Loading a number of random samples from the validation dataset and evaluating the generated label from the ground truth labels gives an idea as to how performant ImageBind is

*it might also be recommended to test ImageBind in the training and test dataset as well, but it is not expecte to show different results as can be explained below*

### Number of Samples
- a higher count will utilize a greater sample size, improving the statistical performance of the evaluation
- However, a greater number of samples will use more VRAM which can be a bottleneck. In my testing, evaluating 500 samples already uses 21 GB (Nvidia L4).
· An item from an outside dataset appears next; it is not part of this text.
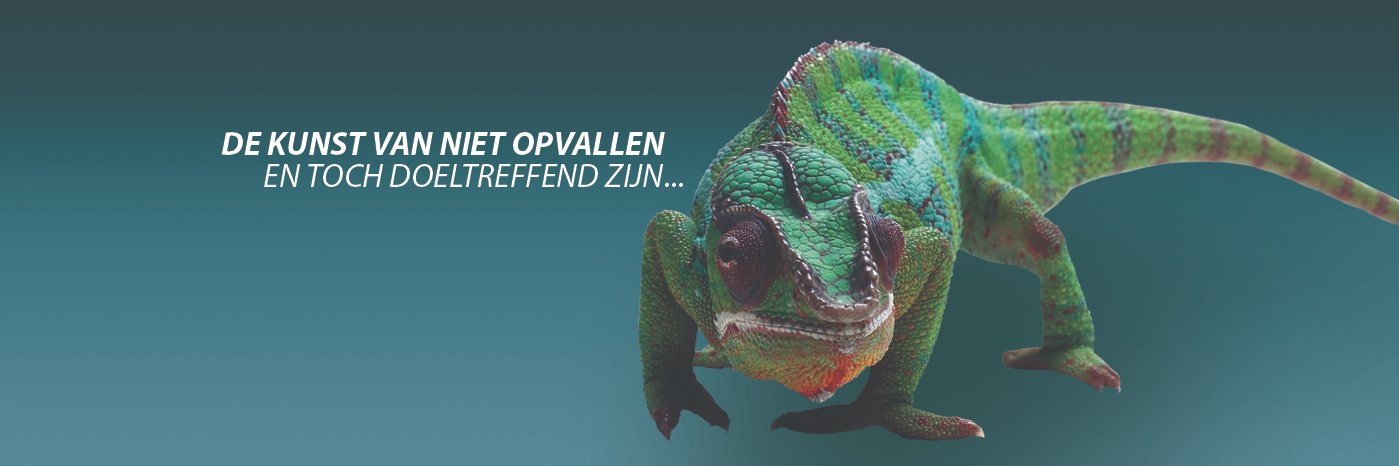BetaGuard's profile banner image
This evaluation roughly takes 12s

## Lackluster Performance
- in the sample below, an accuracy of only 3.8% is achieved. This poor performance is reflected in many runs (roughly 2%-4%), which leads to the impression that ImageBind is not a good zero-shot speech classification model, at least in the KWS Google Speech Commands 35-word dataset. Why is this?
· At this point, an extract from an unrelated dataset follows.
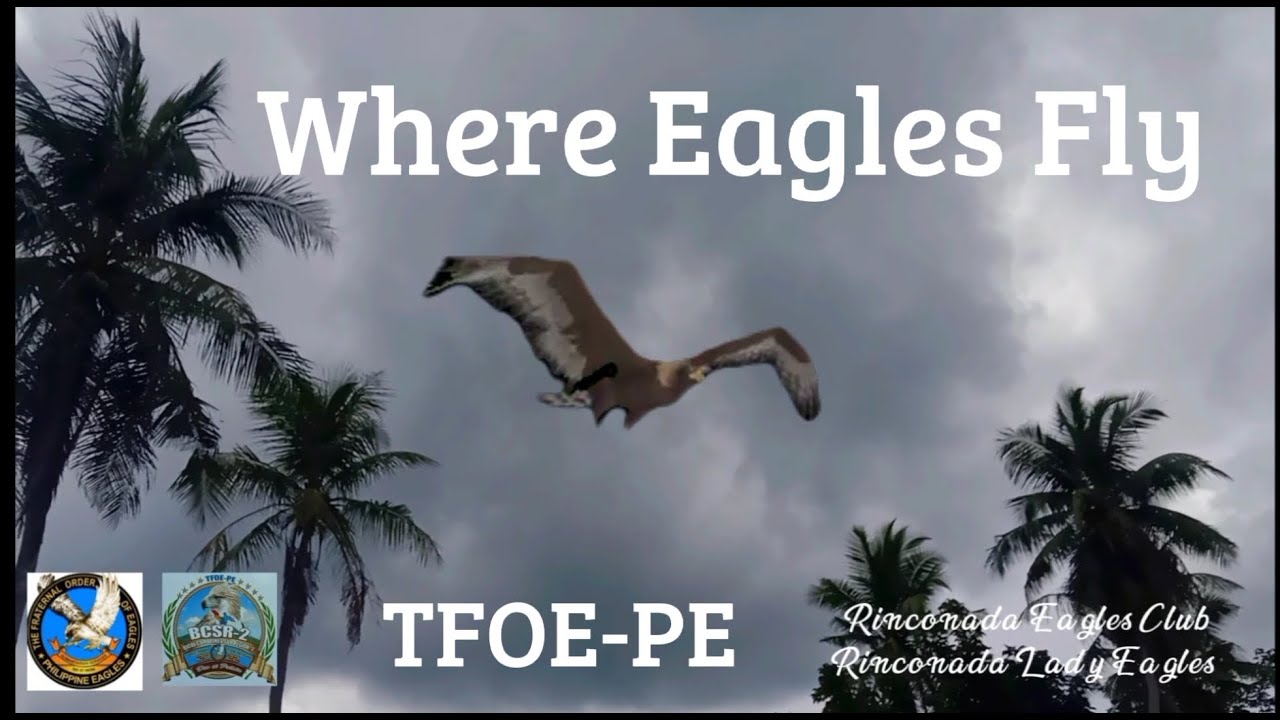 Where Eagles Fly TFOE  Philippine Eagles #cherryboterph #philippineeagles WhereEaglesFly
### ImageBind wasn't specifically designed for KWS
ImageBind, as the creators have noted, envisions to create multimodal AI systems. This entails emergent zero-shot recognition tasks across modalities — even better than prior specialist models trained specifically for those modalities. Thus, it is not unreasonable to observe that ImageBind will not perform well at a highly specialized task

### Use of pretrained model
- Since this program is using a pretrained model for a multi-modal system that incorporates text, image, video, audio, depth, thermal, and IMU, on a training dataset that is not publicized, it's poor performance compared to SOTA modals that were trained on the actual Google Speech Commands v2 training data.

### Audio Sample Length
- It is also important to note that the audio sample lengths (usually 1-2 seconds) is considered short compared to the demos and audio lengths that ImageBind showcases in their blog. This indicates that rather short audio lengths is not what ImageBind is trained on. This can be seen in the error logs of ImageBind as well, which indicates to the user the following:

```
WARNING:root:Large gap between audio n_frames(48) and target_length (204). Is the audio_target_length setting correct
```

In [8]:
# get n random samples to evaluate imagebind performance
count = 500 
print(f"evaluating {count} random samples...")
samples = random.choices(test_set, k=count)
sample_paths = []
ground_truth_labels = []
for sample in samples:
    waveform, sample_rate, label, speaker_id, utterance_number = sample
    sample_path = f"data/SpeechCommands/speech_commands_v0.02/{label}/{speaker_id}_nohash_{utterance_number}.wav"
    sample_paths.append(sample_path)
    ground_truth_labels.append(label)

accuracy = evaluate_audio(sample_paths, ground_truth_labels)
print(f"ImageBind Zero-Shot Performance:\n{accuracy} with {count} samples")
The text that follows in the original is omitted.